5.14 Given the abolition of the WST, and the introduction of the GST and a lower luxury car tax rate of 25%, the impact of this measure on consumers will be positive. The price of luxury cars will fall under the new arrangements by about the same amount as non-luxury cars. Overall non-luxury car prices for consumers are expected to fall by around 8.3%.
Analysis of costs and benefits
5.15 It is very difficult to quantitatively assess the compliance costs for business of this measure (net of the GST) because it is linked so closely to the operation of the GST. To the extent that businesses face start-up and ongoing costs related to the GST, the additional impact of this measure will be marginal because it will utilise the same remittance framework as the GST.
5.16 Moreover, taxpayers that remit luxury car tax are likely to receive more in benefits (due to cash flow benefits) than costs incurred.
5.17 WST on cars is actually calculated by applying a statutory formula to the recommended retail price. Payment of WST is usually deferred until the sale of the car to the final consumer. In order to avoid double taxation (luxury WST and luxury car tax) during the transition, businesses will be able to claim WST paid on stock held on 1 July 2000 as an input tax credit, under Part 4 of the A New Tax System (Goods and Services Tax Transition) Act 1999 .
5.18 Without transitional arrangements in place, there is a risk that some retailers would face double taxation.
5.19 All LCT taxpayers are GST payers and will be included in the field coverage for GST. The LCT will cover an estimated 1550 motor vehicle dealers, with an estimated 800 being liable for regular payment of
LCT. The costs that the ATO expects to incur in administering the LCT are set out in the following table.
COST TYPE | ||||
---|---|---|---|---|
1999-2000 $000 | 2000-2001 $000 | 2001-2002 | 2002-2003 | |
Business line resource costs | ||||
Salary | $500 | $500 | $500 | $500 |
Administrative funds | $100 | $100 | $100 | $100 |
Corporate flow-ons | $850 | $850 | $850 | $850 |
Total administrative costs | $1450 | $1450 | $1450 | $1450 |
5.20 The revenue from the luxury car tax is expected to raise approximately $175 million in 2000-01; $205 million in 2001-02; and $210 million in 2002-03.
5.21 Consultation has been undertaken with relevant Government departments in the development of this measure.
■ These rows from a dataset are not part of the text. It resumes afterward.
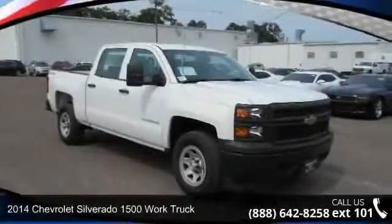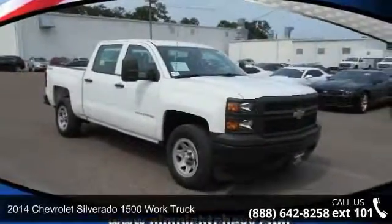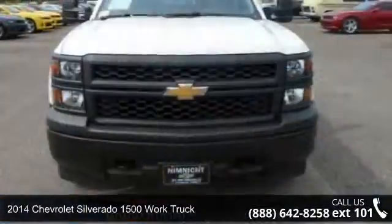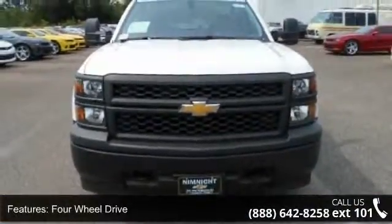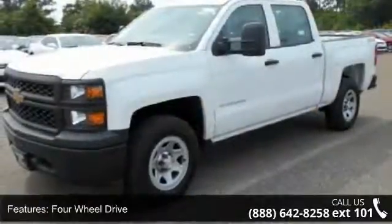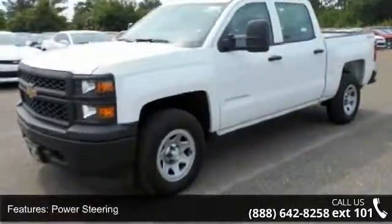Check out this 2014 Chevrolet Silverado 1500. If you are looking for an automobile with great features, look no further. This vehicle comes with a reliable 6-cylinder engine, connected to a smooth shifting automatic transmission.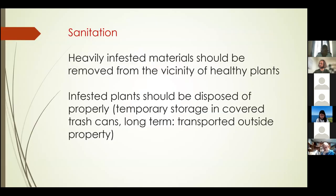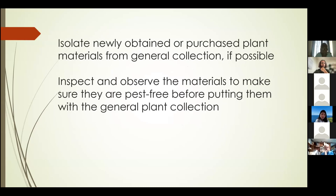Next is sanitation. Removal of heavily infested materials from the vicinity of healthy plants should be practiced to avoid continuous contamination, along with proper disposal of infested plants. For short-term storage, it may be good to put materials in covered trash cans. Long-term disposal should also be considered to minimize contamination of healthy plants. Isolation of newly obtained or purchased plant material should be practiced to avoid accidental introduction of new pests — inspect and observe the materials to make sure they are pest-free before putting them with the general plant collection.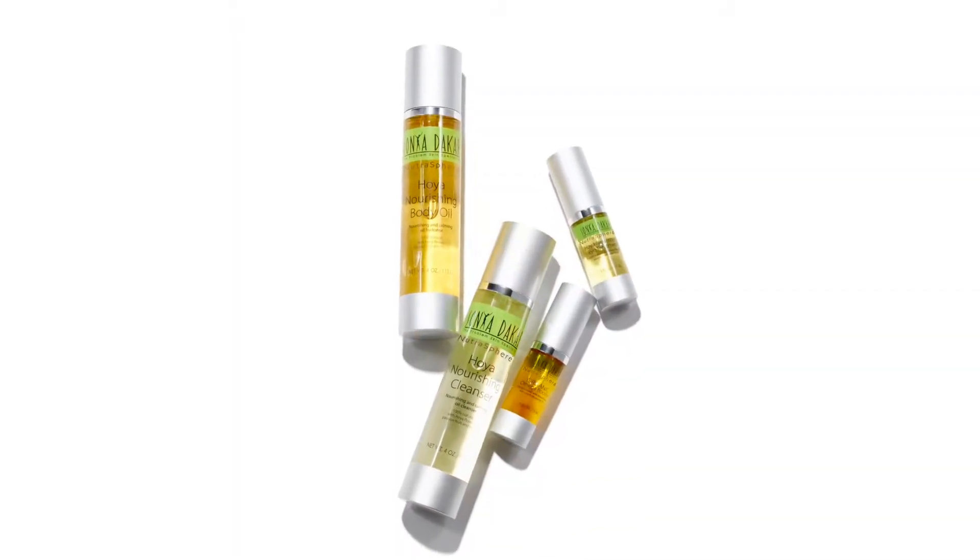Hello, this is Mimi Dakar Berry from the Sonia Dakar Skin Clinic in Beverly Hills. Today I am so excited to share with you Sonia's newest collection, the Hoya Flower Oil Collection. This is a four-piece collection for skin and body that is 100% natural.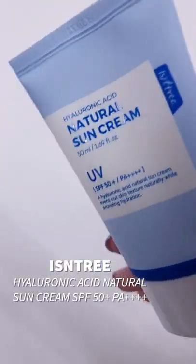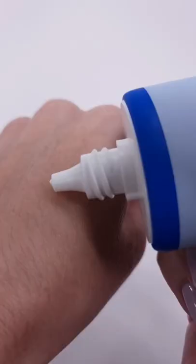Next up is Isntree's Hyaluronic Acid Natural Sun Cream. This one contains eight different types of hyaluronic acid. It's a physical sun cream, but don't worry — the white cast is minimal and blends in quick.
Representations were also received from industry groups.
Conclusion
5.22 The above measure implements a luxury car tax in a way consistent with the Governments policy position in Tax Reform: not a new tax, a new tax system: The Howard Governments Plan for a New Tax System . 5.23 The Treasury and the ATO will monitor this measure, as part of the whole taxation system, on an ongoing basis. In addition, the ATO has consultative arrangements in place to obtain feedback from professional and business associations through other taxpayer forums.